> _Exercise description_: Each line below from the line with "Etui do iPhone" to the line with "Комбинезон детский антрацит хамелеон" must be copied exactly, including those two, and no picture may appear in the copy.

> _Exercise materials_:
»»
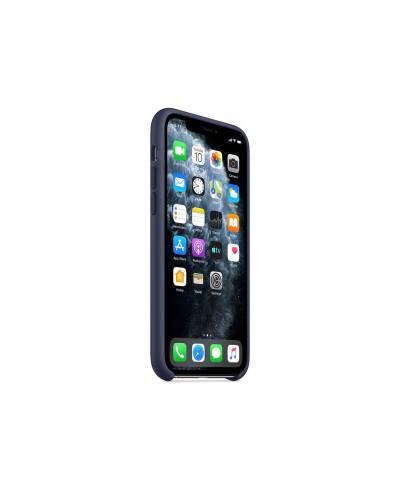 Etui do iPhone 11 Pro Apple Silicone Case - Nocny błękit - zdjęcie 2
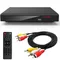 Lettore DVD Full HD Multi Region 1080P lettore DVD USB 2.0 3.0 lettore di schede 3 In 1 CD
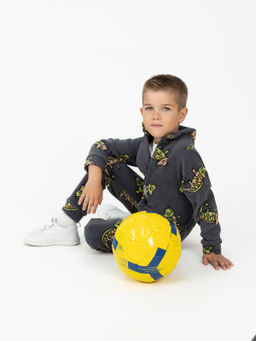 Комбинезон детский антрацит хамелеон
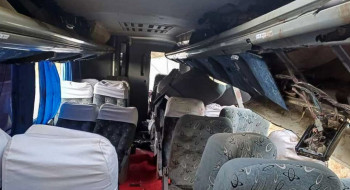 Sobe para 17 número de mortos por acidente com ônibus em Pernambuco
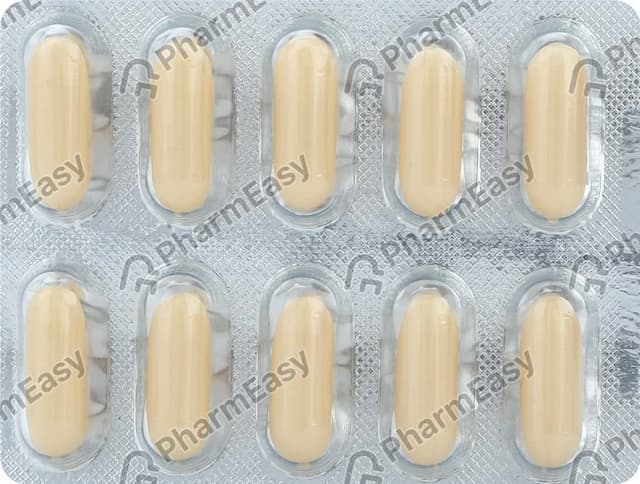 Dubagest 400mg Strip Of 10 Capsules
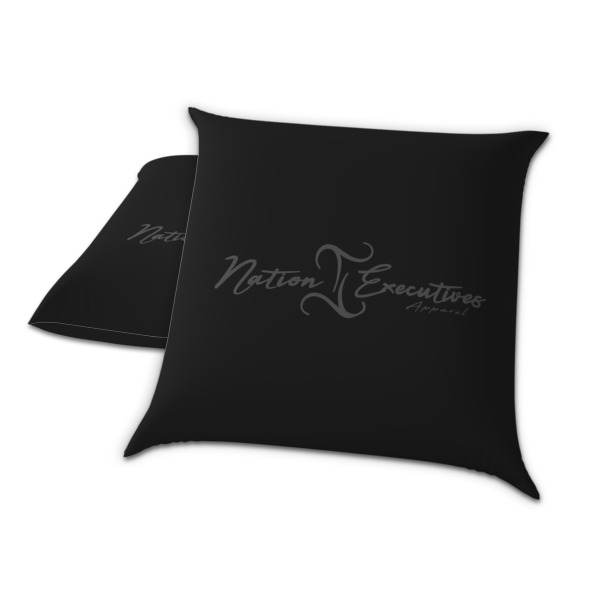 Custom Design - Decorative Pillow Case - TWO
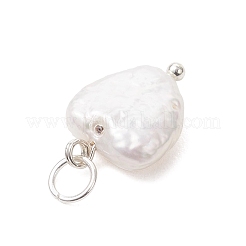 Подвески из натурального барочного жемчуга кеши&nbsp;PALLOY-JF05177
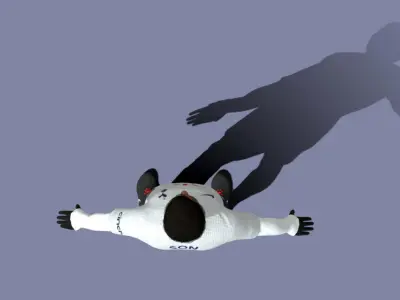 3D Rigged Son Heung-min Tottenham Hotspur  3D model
««
»»
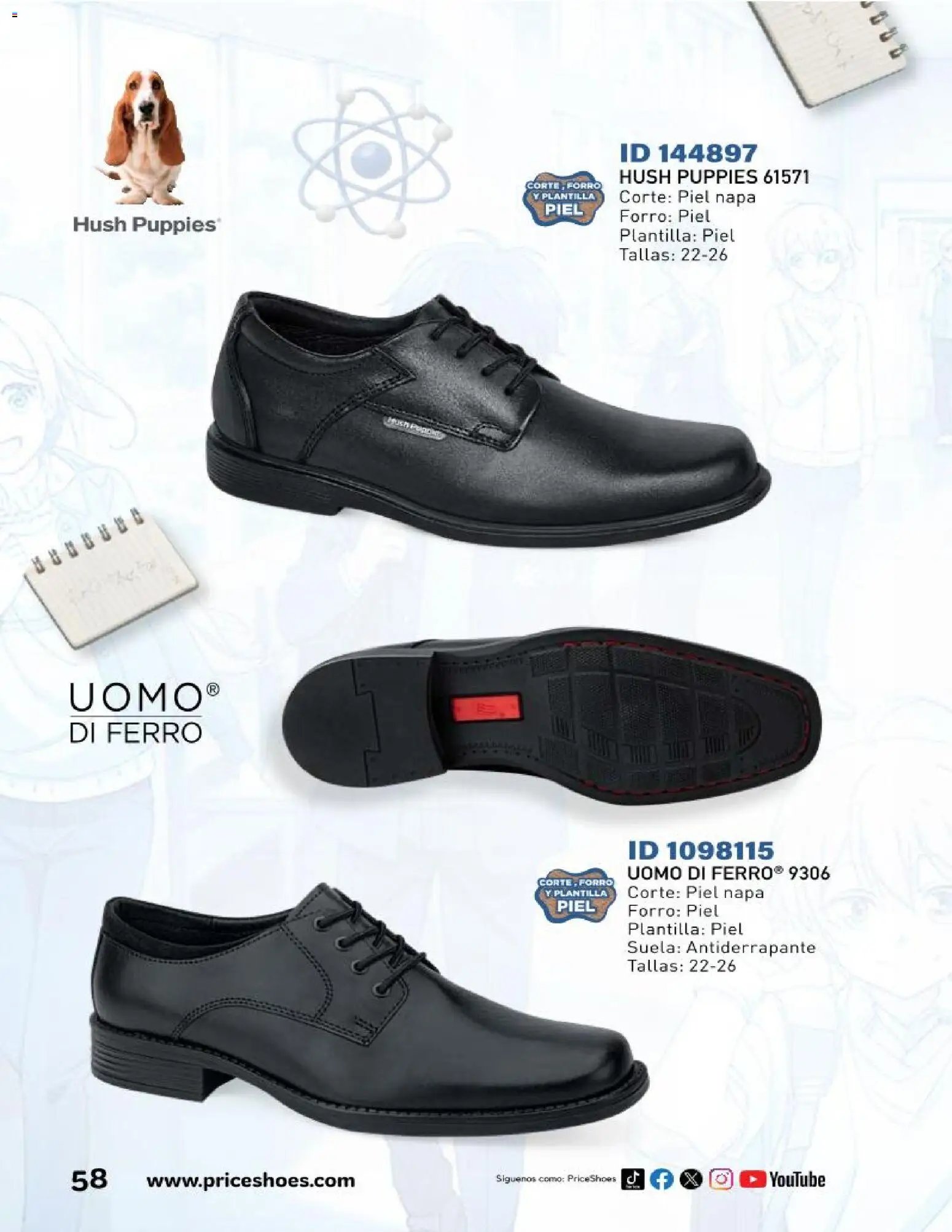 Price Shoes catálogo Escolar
««
> _Solution to this exercise_:
 Etui do iPhone 11 Pro Apple Silicone Case - Nocny błękit - zdjęcie 2
 Lettore DVD Full HD Multi Region 1080P lettore DVD USB 2.0 3.0 lettore di schede 3 In 1 CD
 Комбинезон детский антрацит хамелеон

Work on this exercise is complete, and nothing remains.